Resumen leído por el Santo Padre en español
Queridos hermanos y hermanas:
Hoy meditamos sobre la oración de alabanza. San Mateo nos relata en su
Evangelio que la misión de Jesús, a un cierto punto —después de haber
realizado los primeros milagros y haber enviado a sus discípulos para
anunciar el Reino de Dios— atraviesa una crisis. Jesús ve surgir en su
entorno hostilidad y desilusión. En medio de esta dificultad, Él no se queja
con el Padre, sino que lo glorifica con un himno de júbilo.
En su oración, Jesús exulta de alegría, en primer lugar, por lo que Dios es:
Él es su Padre y Señor del universo. Su alabanza brota precisamente de su
experiencia de sentirse “hijo del Altísimo”. Y también lo alaba porque
escoge a los “pequeños”. No se fija en los “sabios” y “prudentes” que,
desconfiando de Él, lo rechazan, sino en los “pequeños”, los “sencillos” que
están bien dispuestos a acoger su mensaje con un corazón limpio y humilde.
Ellos, los pequeños, no se consideran mejores que los demás, son conscientes
de sus propios límites y pecados, no tratan de dominar a los otros, sino
que, en Dios Padre, se reconocen hermanos de todos.

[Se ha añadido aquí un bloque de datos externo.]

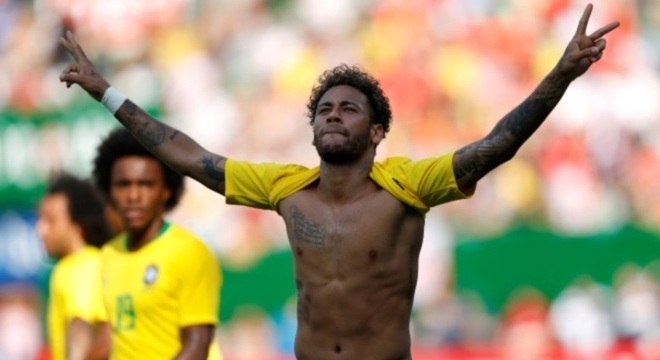 Neymar imita gesto de Romário ao comemorar gol contra a Áustria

La oración de alabanza nos ayuda, no sólo cuando nos sentimos felices, sino
sobre todo en los momentos difíciles. Lo vemos, por ejemplo, en el “Cántico
de las criaturas”, que san Francisco compuso al final de su vida, cuando
experimentó la soledad, el fracaso y todo tipo de privaciones. En esa
circunstancia, Francisco alaba a Dios por todo, por la creación e incluso
por la muerte, a la que con valentía llega a llamar “hermana”.